Vidas apagadas

Em romance de estreia, Daniela Kopsch investiga os abismos sociais do Brasil a partir de uma tragédia real
Daniela Kopsch, autora de O pior dia de todos
30/11/2019

O título diz muito. Anuncia algo ruim. O pior dia de todos, de Daniela Kopsch, publicado em 2019 pela Tordesilhas, tem o massacre de Realengo como pano de fundo. A autora, jornalista, cobriu o caso em abril de 2011.

É certo e prudente o cuidado de Kopsch com a escrita. Afinal, deseja não tornar ainda mais dolorosa a lembrança de sobreviventes, parentes e amigos do pior dia de todos. A literatura, nesse caso, é conveniente ao permitir a criação de personagens para espelhar a realidade a ser sempre considerada.

Kopsch apresenta as circunstâncias de vidas de pessoas envolvidas no massacre de Realengo. E o faz pela ficção, após, certamente, se valer de uma cuidadosa observação de suas realidades, tendo em vista as minúcias da narrativa do subúrbio carioca. Porém, ao ficcionalizar, valendo-se da narrativa em primeira pessoa, manipula a sensibilidade do leitor para temas atuais.

Mas o livro está longe de ser apelativo. Não toma, por exemplo, a pobreza como esteio para a condução da narrativa — a solidariedade, por exemplo, se sobrepõe. De jornalístico, não há nada mais do que dados e relatos coletados em entrevistas, transformados, agora, em literatura ao serem incorporados entre personagens que compõem a história de Malu e Natália. Com a condução em primeira pessoa, não apresenta o estranhamento dos protagonistas quanto a outras realidades, distintas das do subúrbio, da escola pública carioca, das casas empilhadas em ruas com vizinhos barulhentos — “Nosso bairro era quente e barulhento. Quando a música de um vizinho incomodava, outro colocava seu aparelho de som em volume ainda maior”.

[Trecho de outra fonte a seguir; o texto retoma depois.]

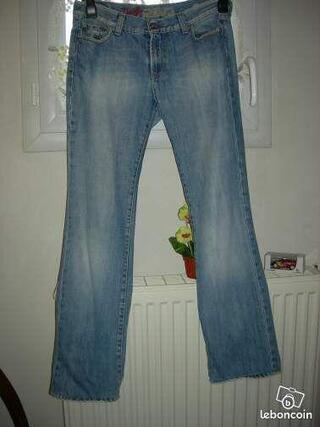 Jean RWD (redwood)modèle daily taille US 31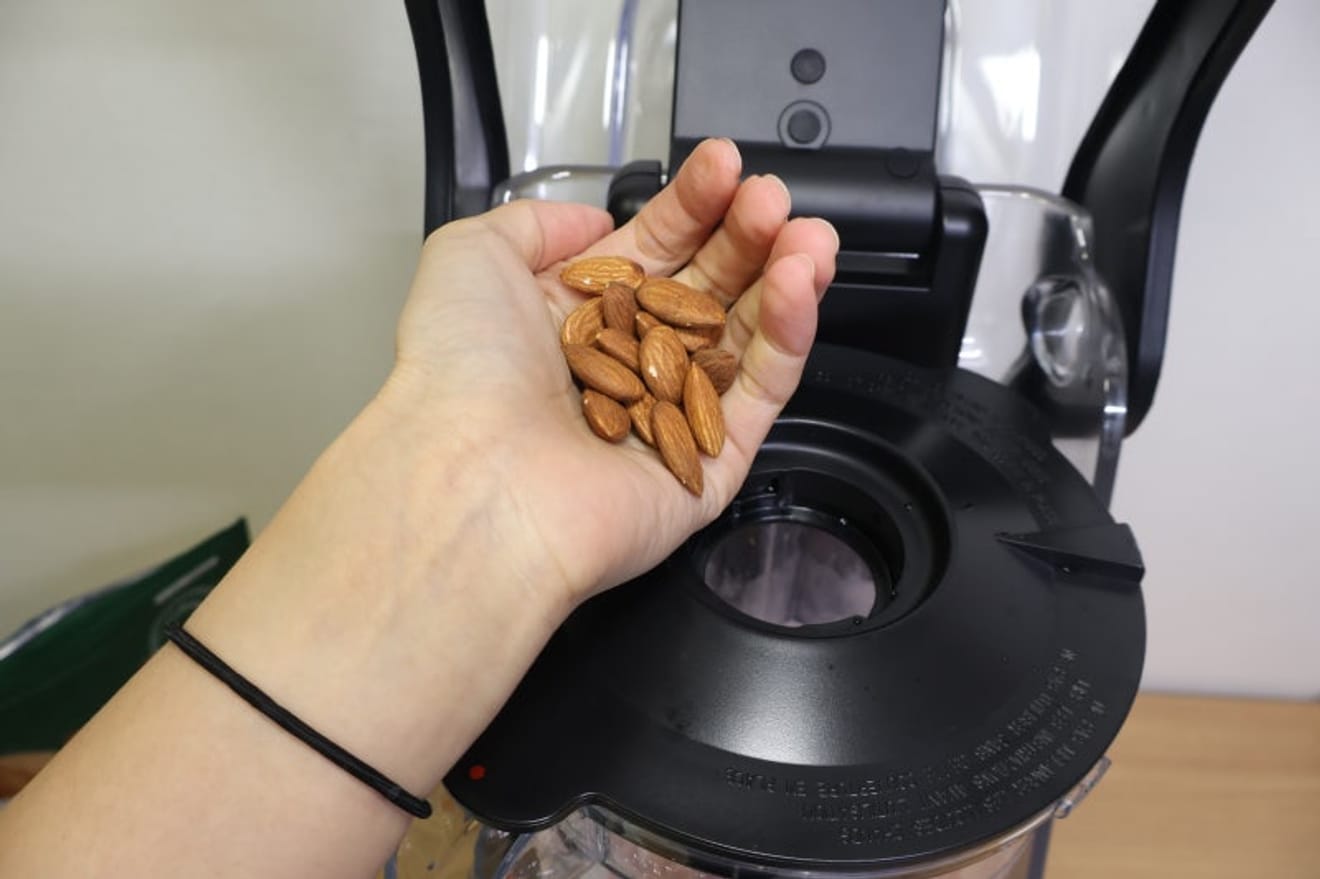 Mixer of blender dilemma? Aanbeveling: Kitchen High-Speed Vacuum Blender!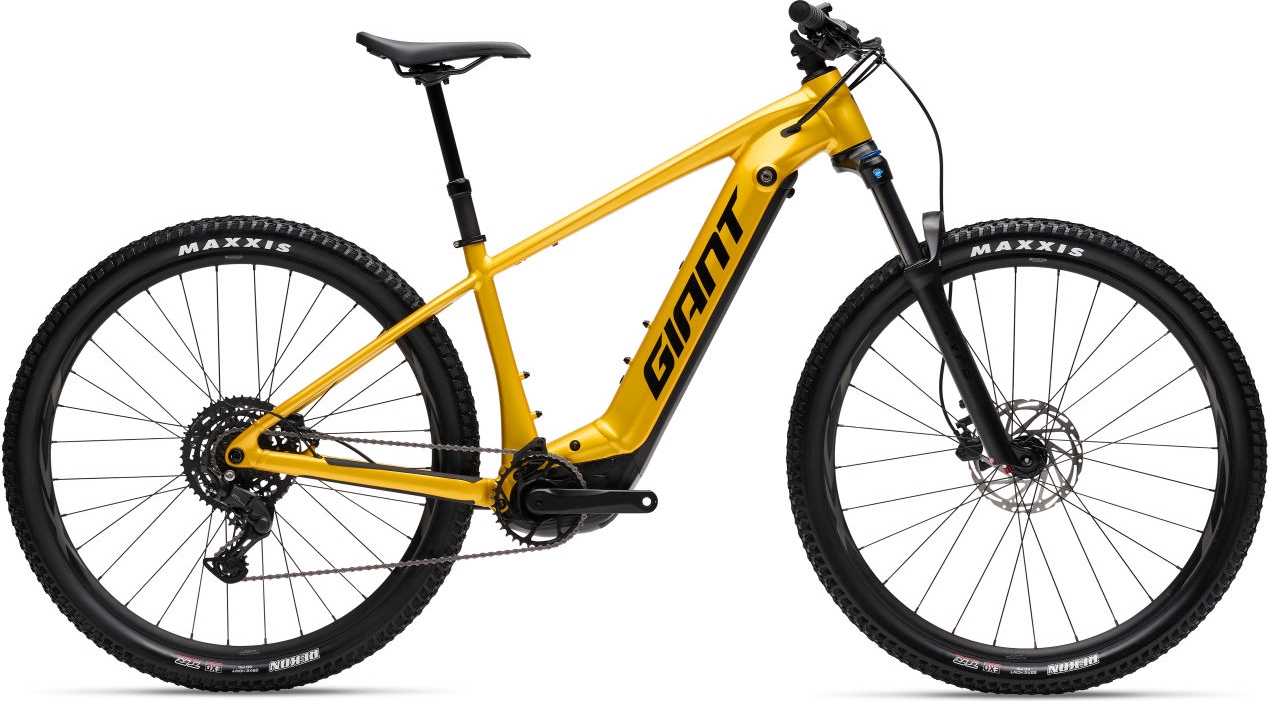 Giant Fathom E+ 2 - 2024 - Sun Beam | S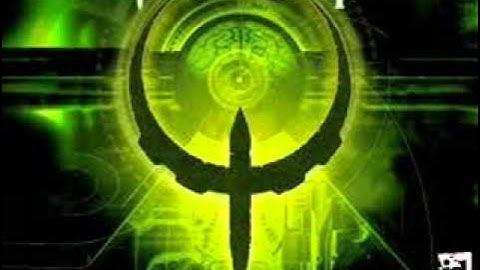 Quake 4 Music Main Menu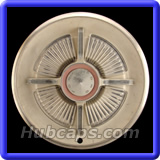 Ford Galaxie Hubcaps #969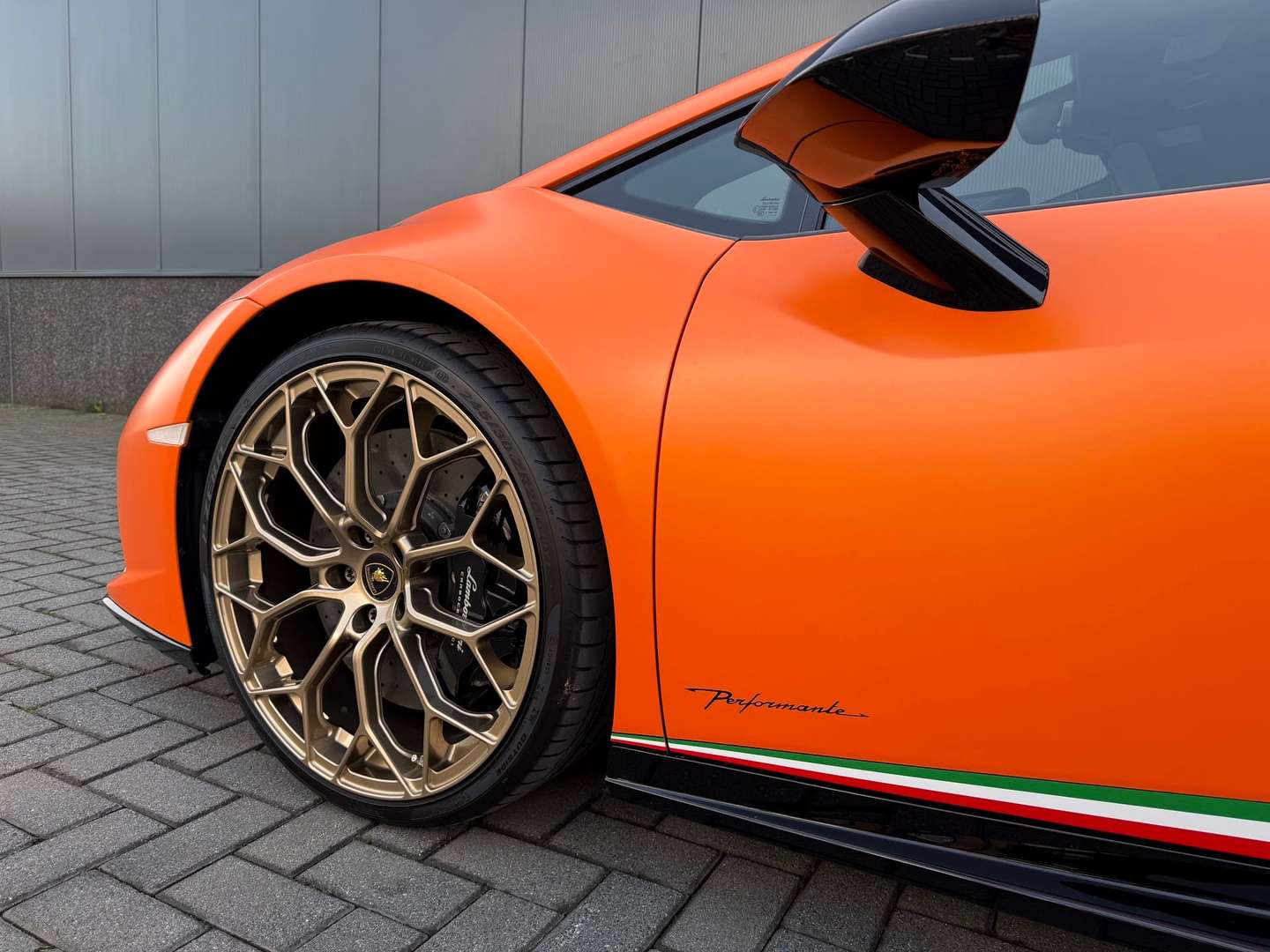 Lamborghini Huracán Performante -  - Joinsteer - #2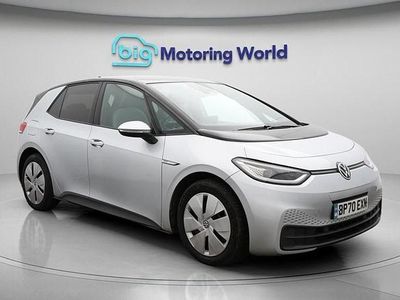 Used VW ID.3 Pro Performance 150 kW (204 HP) 2020 Hatchback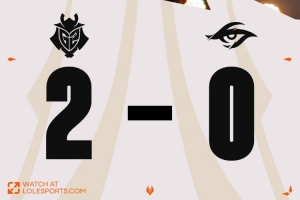 这都没拿下？Hizto一死就结束 G2极速吃大龙杀死比赛拿赛点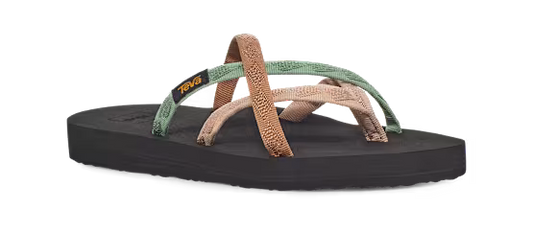 Teva - Olowahu - Women's - Mixed B Maple Sugar Multi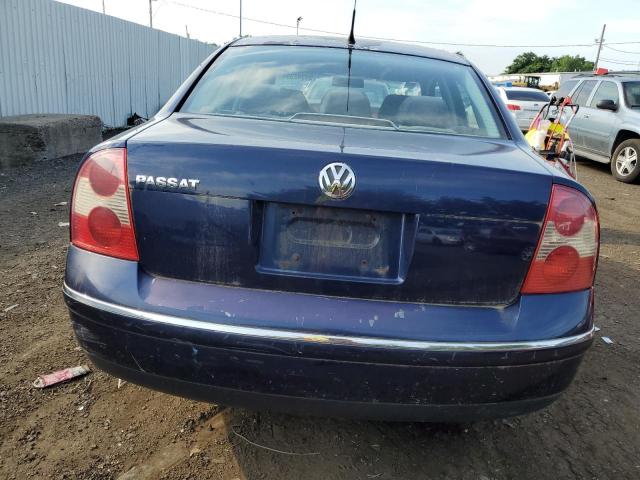 2002 Volkswagen Passat Gls VIN: WVWPD63B22P305335 Lot: 59342334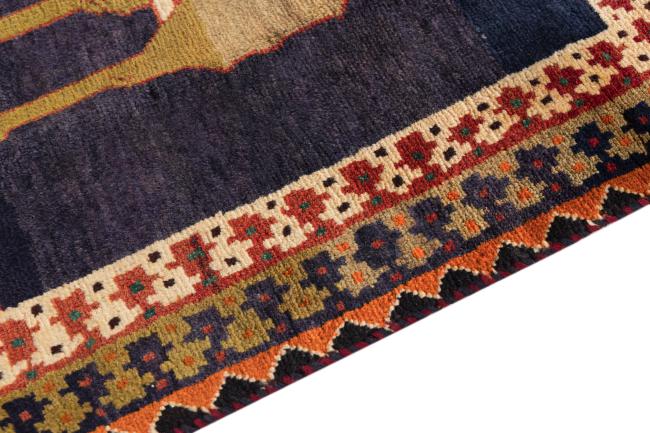 Persan Gabbeh Ghashghai - 4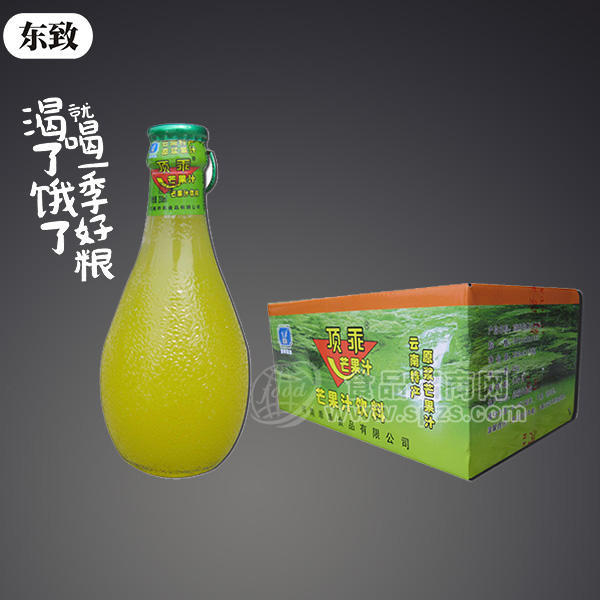 頂乖芒果汁 果汁飲料230ml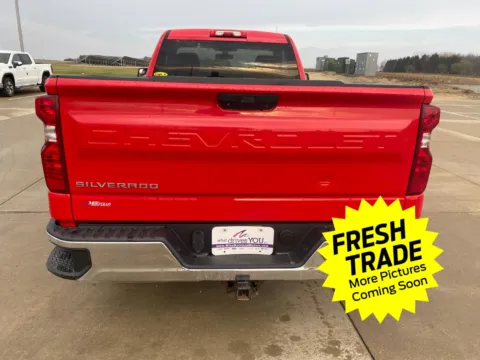 Another view of 2019 Chevrolet Silverado 1500 Work Truck for sale in Charles City, IA at Mike Molstead Chevrolet, GMC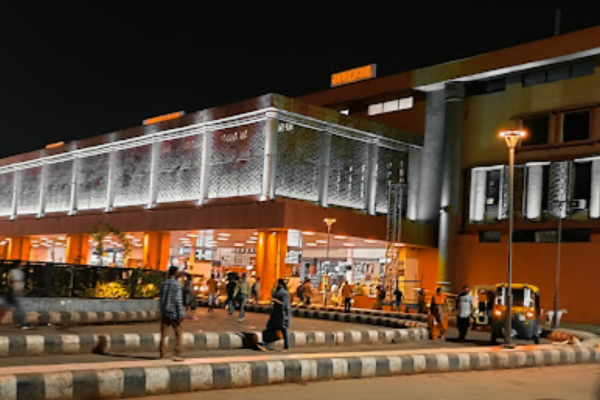 Ahmedabad Junction Railway Station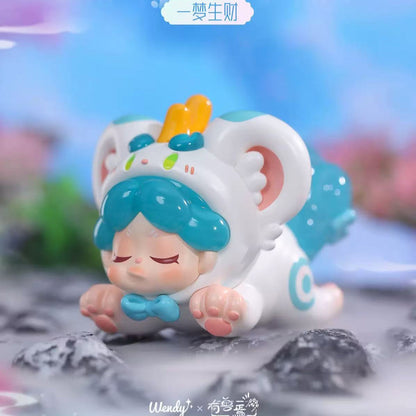 【Limited in Beijing PTS】DoDo Sugar Limited Figures【DODO Sugar】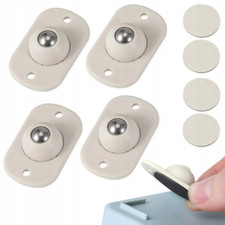 Möbelrollen kugelrollen - 4x,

Tanto é que a violência do atirador na Escola Municipal Tasso da Silveira, no dia 07 de abril de 2011, não é arguida de modo veemente pelas personagens por meio de uma análise sociológica. O grande questionamento a nortear a maior parte do livro refere-se muito mais à perda de familiares e amigos no triste episódio. Ou seja, Kopsch em momento algum propõe uma reflexão das protagonistas quanto às circunstâncias promotoras da violência generalizada na capital fluminense. Essa é a sua realidade. Ela está dada. Foge-se, assim, às previsíveis lições de superação tão enfatizadas pelo politicamente correto.

A tudo isso, tem-se a delicadeza do olhar de Malu, da infância à adolescência. Ao incômodo com a inoperância da segurança do Rio de Janeiro, sobrepõe-se a tristeza da perda de sua querida prima. E toda a reflexão passa, então, para o impacto da violência nas vidas individuais, em cada um daqueles diretamente envolvidos na trama. Deixa-se de lado o discurso panfletário, de tom político — obviamente, também relevante. Paralelamente, chama-se a atenção do leitor para pequenas grandes coisas, como a vida de cada um dos atingidos diretamente pela tragédia — e quantas tragédias equivalentes não ocorrem no cotidiano das grandes cidades?!

Kopsch reconstrói as vidas das pessoas do subúrbio carioca. Vai da infância à adolescência. Toma o habitual, o crescimento, apresenta as dúvidas pessoais, relata as descobertas do amor, sofrimentos familiares — Malu é abandonada pela mãe, sendo criada por Rosana, sua tia, genitora de Natália, prima de mesma idade. Por isso a pobreza a circundar suas vidas não é relatada de forma apelativa. Não há pedido de ajuda; tampouco lição de moral. E, por mais que não se dirija diretamente ao Estado, faz sugestões ao leitor.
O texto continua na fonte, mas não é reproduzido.